Para obtener más detalles, consulte las páginas man.
$ man lastcomm
acción
Esta utilidad le permitirá activar o desactivar la contabilidad.
Para activar la contabilidad de procesos, ejecute:
$ accton on
Para apagarlo, ejecuta:
$ accton off
Para obtener más detalles, consulte las páginas man.
$ man accton
volcar-cuenta y volcado-utmp
La cuenta de volcado La utilidad muestra el archivo de salida del formato accton a un formato legible por humanos.
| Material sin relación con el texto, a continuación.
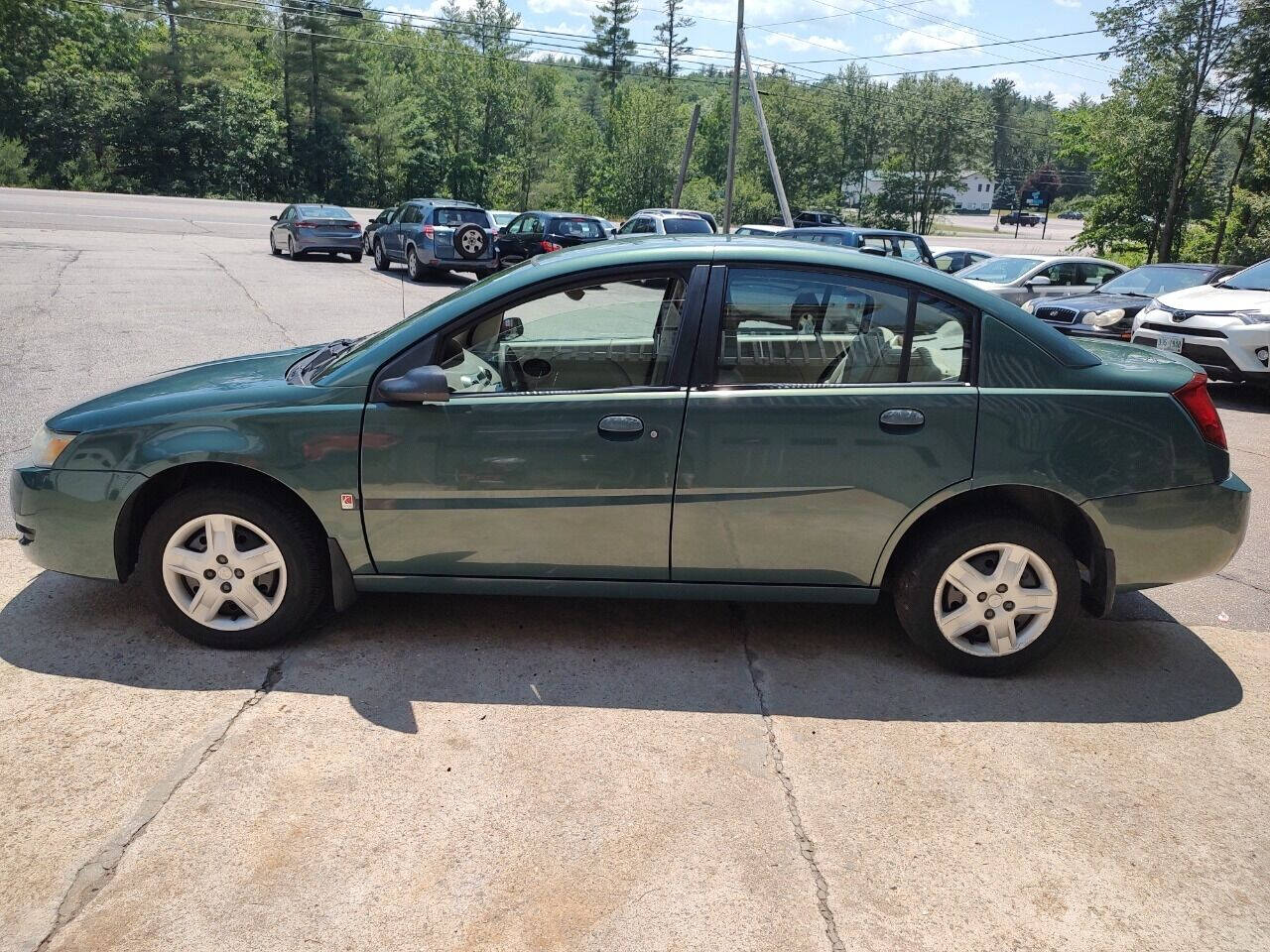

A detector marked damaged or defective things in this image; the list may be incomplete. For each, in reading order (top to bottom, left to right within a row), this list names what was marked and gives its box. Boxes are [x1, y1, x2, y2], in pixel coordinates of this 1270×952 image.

crack in concrete [198, 250, 296, 347]
crack in concrete [29, 654, 288, 952]
crack in concrete [731, 606, 848, 952]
$ dump-acct /var/account/pacct
dump-utmp muestra archivos utmp en formato legible por humanos.
$ dump-utmp /var/run/utmp
Para obtener más detalles, consulte las páginas man.
$ man dump-acct
$ man dump-utmp
sa
La utilidad sa resumirá la información sobre los comandos ejecutados previamente.
$ sa
Salida de muestra:
318 951.07re 0.01cp 0avio 15299k 4 33.04re 0.01cp 0avio 26352k sshd 7 2.05re 0.00cp 0avio 25184k sshd* 2 0.01re 0.00cp 0avio 89856k dnf 35 0.00re 0.00cp 0avio 29767k man* 29 0.00re 0.00cp 0avio 7377k bash* 12 0.00re 0.00cp 0avio 6259k unix_chkpwd 12 0.00re 0.00cp 0avio 2674k systemd-cgroups 10 0.00re 0.00cp 0avio 2260k grep 9 166.31re 0.00cp 0avio 25375k ***other* 9 110.33re 0.00cp 0avio 0k kworker/0:2* 9 110.33re 0.00cp 0avio 0k kworker/0:0* 9 0.00re 0.00cp 0avio 3830k id 8 0.00re 0.00cp 0avio 1080k ac 8 0.00re 0.00cp 0avio 26976k logger 8 0.00re 0.00cp 0avio 26976k basename 6 93.90re 0.00cp 0avio 29712k man 6 0.00re 0.00cp 0avio 1629k clear 5 119.94re 0.00cp 0avio 0k kworker/0:2H* 5 93.90re 0.00cp 0avio 27568k less
Para imprimir la cantidad de procesos y la cantidad de minutos de CPU por usuario, simplemente ejecute:
$ sa -m
Salida de muestra:
337 961.10re 0.01cp 0avio 15593k root 286 857.82re 0.01cp 0avio 16672k sk 45 3.88re 0.00cp 0avio 7992k sshd 5 0.34re 0.00cp 0avio 20966k postfix 1 99.06re 0.00cp 0avio 22272k
Para obtener más detalles, consulte las páginas man.
$ man sa
Lectura sugerida:
- Cómo limitar el acceso del usuario al sistema Linux
Y eso es todo. Todo administrador de Linux debe conocer las utilidades de contabilidad de GNU para vigilar a todos los usuarios. Estas utilidades serán útiles a la hora de solucionar problemas.